Andy makes some proposals to deal with Nagios failings. He suggests that Sensu is a good fit for the monitoring problem, Graphite for the graphing needs and Flapjack for the alerting services. For the anomaly detection and user interface problems, Andy is not comfortable with any of the current offerings.
Laurie reports that Etsy has "10,000 checks in our primary datacenter, all active, usually on 2-3 minute check intervals with a bunch on 30 seconds". They had to perform some optimization adjustments. The team enabled the use_large_installation_tweaks flag to bring the latency down. The team also disabled the CPU dynamic scaling setting on their HP and Dell servers, as Nagios does not seem to play well with the power management algorithms used by those boxes. When Etsy started to use two data centers, they chose to have a Nagios instance in each of them and used Nagdash to aggregate status and reports in a single place.

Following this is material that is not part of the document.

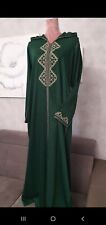 Djellaba marocaine verte en
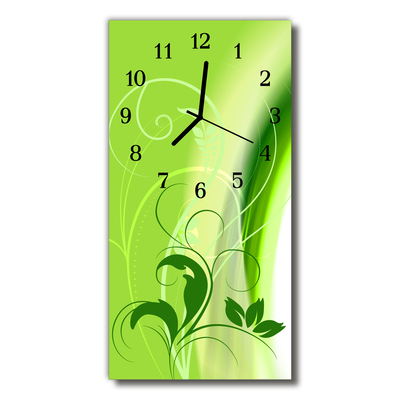 Horloge murale en verre Motif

On the configuration front, Laurie asserts that:
If you spend your day picking through Nagios config files, then you probably either love it anyway, you're doing a huge rewrite of your old config, or you're probably doing it wrong. You can easily automate this.
Etsy has also been using nagios-api, a third-party project that presents a REST-like JSON interface to Nagios, to automate it.
Laurie makes a broader point about Nagios' perceived failings in Andy's eyes. Laurie thinks that the Unix philosophy applies when working with Nagios: "Many small parts, applications that do a small specific thing, which you tie together using a pipe". The fact that Nagios has a strong ecosystem around it is a strong advantage in his view.
Commenting on Laurie's writings, Theo Schlossnagle leans on the "Nagios is not enough" line of thinking:
Reading telemetry off systems and providing deep insight into their behavior is what we need from the operations side. That is a broad task that requires analytics on the data collected. Nagios and the myriad products designed like Nagios simply do not allow for this approach.